* _SUPPLIED MATERIAL_:
== Segment start ==
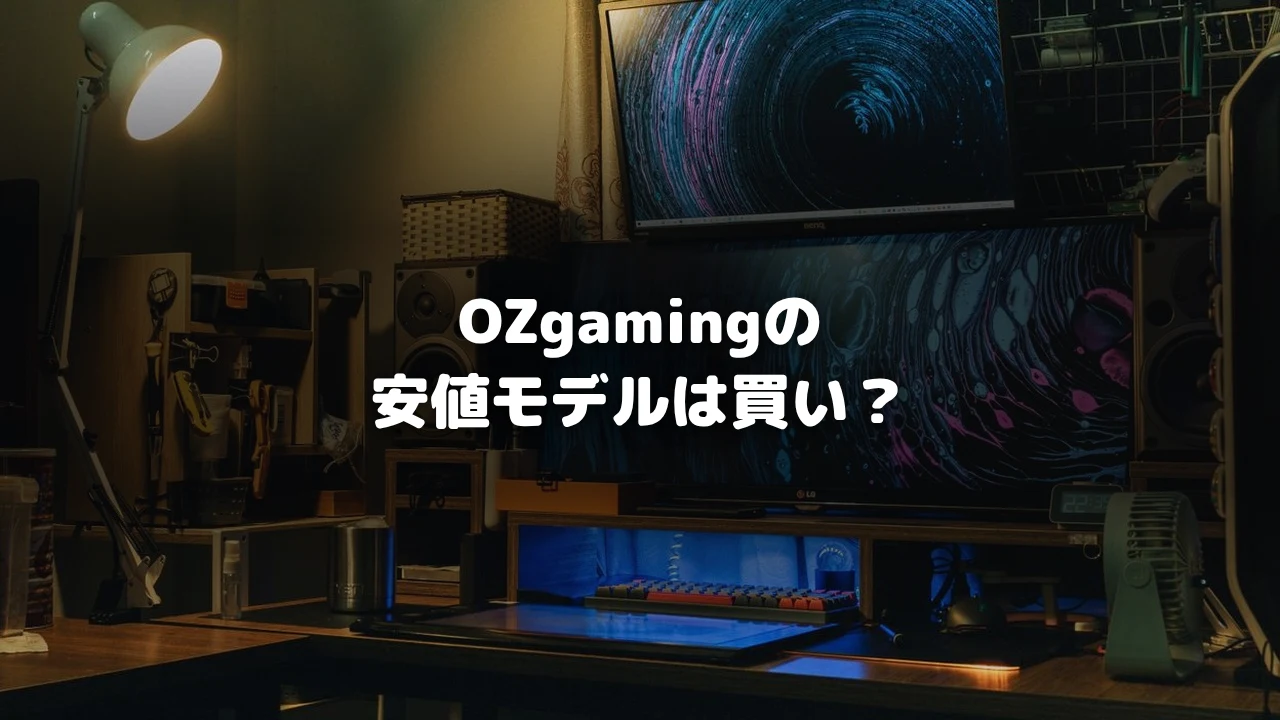 OZgamingの安値モデルは買いか解説するアイキャッチ画像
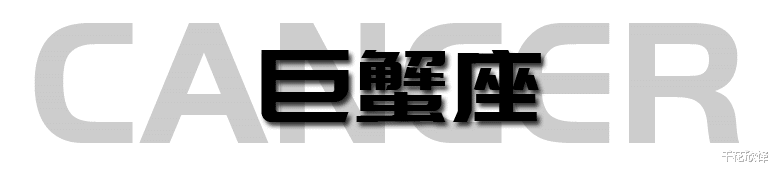 杰梅恩·迪福|十二星座周运2022年9.5-9.11：水逆来啦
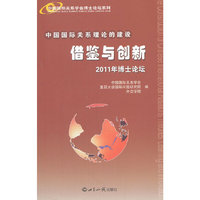 中国国际关系理论的建设：借鉴与创新——2011年博士论坛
== Segment end ==
* _INSTRUCTIONS TO FOLLOW_:
The data above should be returned in full, exactly as written, apart from its images.

* _OUTPUT OF THE EXERCISE_:
 OZgamingの安値モデルは買いか解説するアイキャッチ画像
 杰梅恩·迪福|十二星座周运2022年9.5-9.11：水逆来啦
 中国国际关系理论的建设：借鉴与创新——2011年博士论坛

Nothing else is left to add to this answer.